Ten years ago, President Barack Obama announced the American Recovery and Reinvestment Act, an $831 billion federal spending program designed to provide economic stimulus in areas hardest hit by the Great Recession. One focus of ARRA was $7.2 billion aimed at developing broadband fiber networks in underserved or unserved areas of the country.
Officials in Minnesota’s sparsely populated Lake County received one of the largest ARRA broadband awards that included $66 million in grants and (mostly) loans to build an ambitious government-owned network. Lake County’s application was one of only 43 broadband projects approved for funding throughout the entire U.S.
It was, in the words of a Lake County commissioner, a “game-changer.” He went on to predict that “not only will we be able to attract new businesses and jobs to the area, but we will be able to provide additional health care, educational, and residential services to Lake and St. Louis County residents and businesses.”
Big promises were made by local elected officials who actively sought the ARRA funding. But none was as important as this: “[N]o county taxpayer funds would be at risk in order to cover the costs associated with building and operating the county’s ambitious broadband effort.”
That promise has been repeatedly broken.
Since 2012, inherent flaws in the plans to construct what would be known as Lake Connections were apparent. Yet, Lake County elected officials cobbled together enough operating capital to construct and begin operating a fiber network in this largely rural area of northern Minnesota. Sadly, taxpayers across the country are now paying the price for the yawning gap between officials’ rhetoric and the reality of today’s competitive broadband marketplace.
The Freedom Foundation of Minnesota has followed the Lake County broadband effort from inception. We released a report recently that chronicles the Lake County project from start to finish to serve as a cautionary tale for other elected officials considering undertaking similar efforts.

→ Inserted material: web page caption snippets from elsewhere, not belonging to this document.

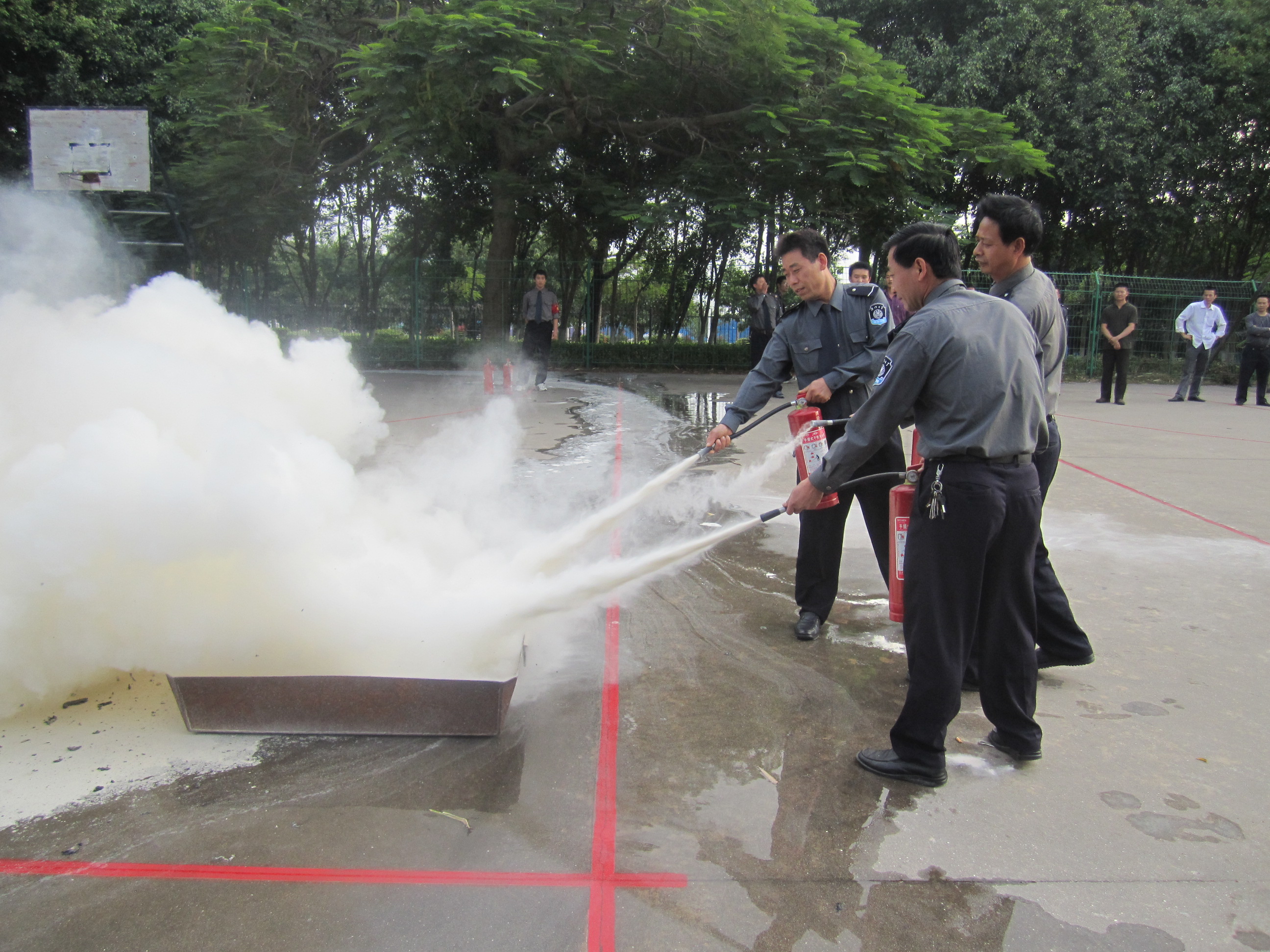 消防安全工作，责任重于泰山——记物业公司认真落实教工住宅区安全防火事项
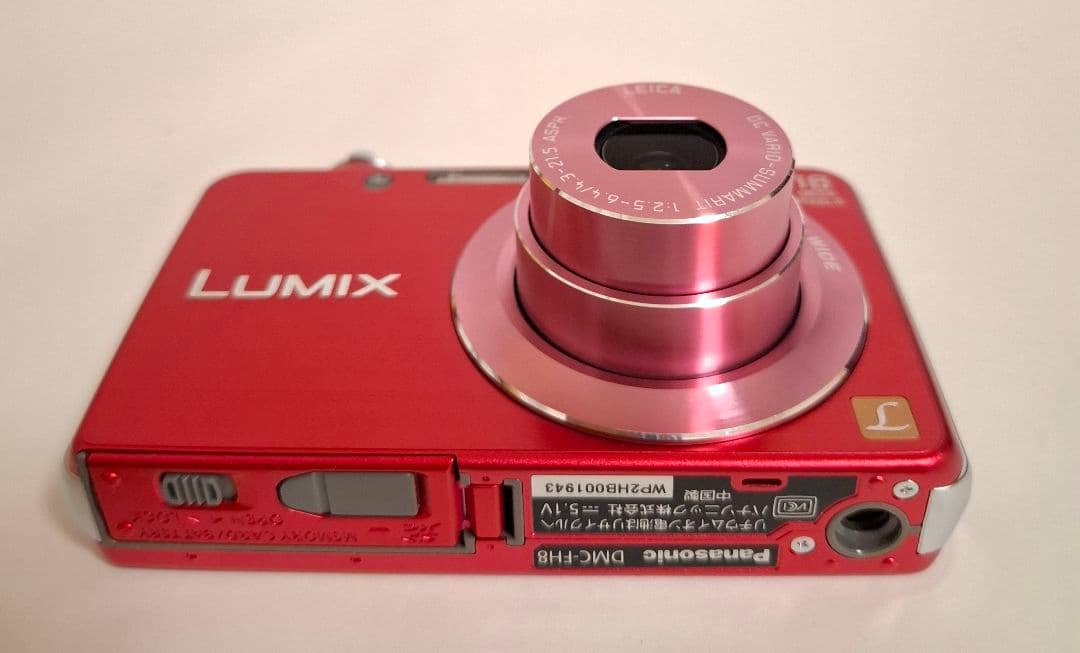 [美品]パナソニック Panasonic LUMIX DMC-FH8 コンデジ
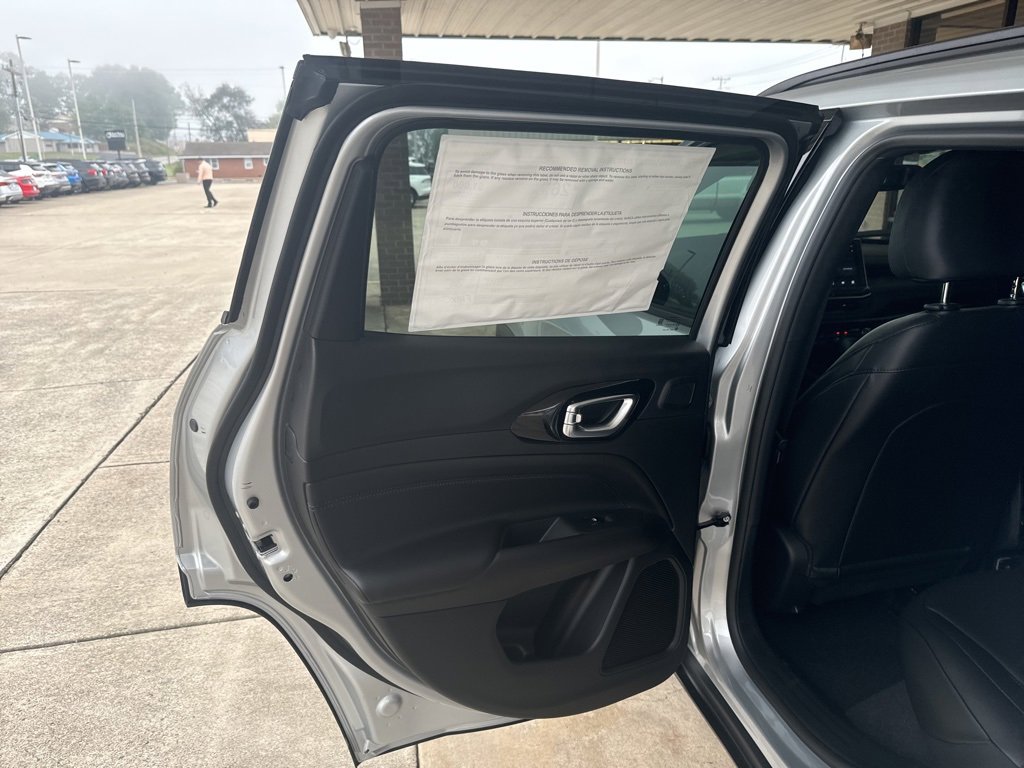 New 2026 Jeep Compass Latitude image 17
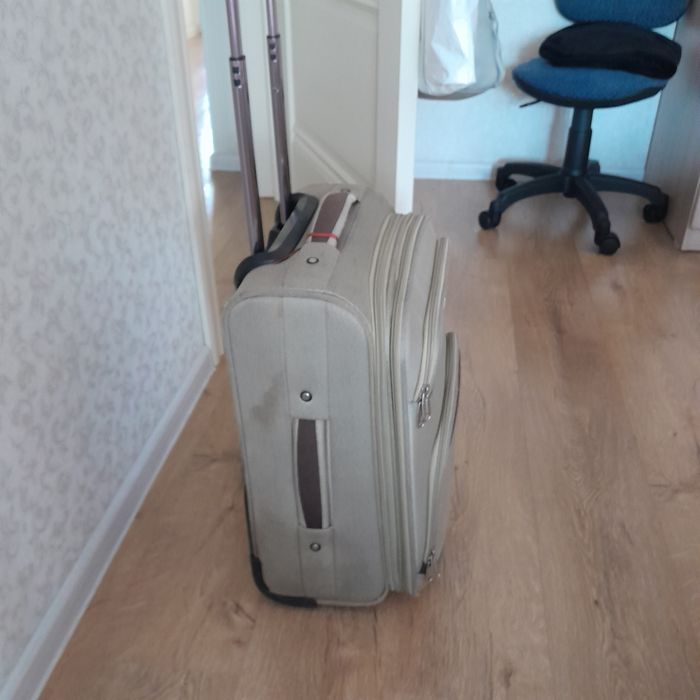 Чемодан  на колёсиках.АСТАНА!!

The Lake County broadband network (Lake Connections) was sold on Dec. 18 to a private Nebraska firm for $8.4 million — literally pennies on the dollar. These funds, when collected, will be used to satisfy the remaining debt owed by the county to the U.S. Department of Agriculture’s Rural Utilities Service agency, the originators of the $66 million ARRA loans and grants.
This means that the federal government will lose at least $40 million in taxpayer funds because of the Lake County broadband boondoggle.
There are a multitude of lessons to be learned from Lake County, just as there were when Monticello, Moorhead and numerous other communities attempted to construct and operate broadband networks. While many rural communities struggle to provide competitive economic development options for local businesses, it is a common misperception that a government broadband network will provide faster service at a lower cost to the community.
Instead, almost the exact opposite occurs: Current and future taxpayers face enormous risks while attempting to compete against internet service providers. But, most important, rarely is there a discussion with incumbent telecommunications companies before local elected officials decide to become their competitor.
Several Minnesota communities have opted to communicate their broadband needs to incumbent local providers to develop plans that would increase subscribers for the private internet company as well as achieving greater and faster service for local residents. These public/private partnerships deserve further study and support as a way to achieve greater economic growth in rural areas without the enormous risk that occurs to taxpayers when local government enters the market as a competitor.
The most important lesson learned in Lake County is one taxpayers will unfortunately pay for in years to come: Providing ultra-high-speed broadband service in large, rural areas is complicated, costly and ultimately highly competitive. It is extremely difficult to find a local unit of government out of the more than 450 communities that have attempted to develop or provide some form of taxpayer-funded, government-owned internet service that is able to become profitable within five years. They are wired to fail.
Annette Meeks is CEO of the Freedom Foundation of Minnesota.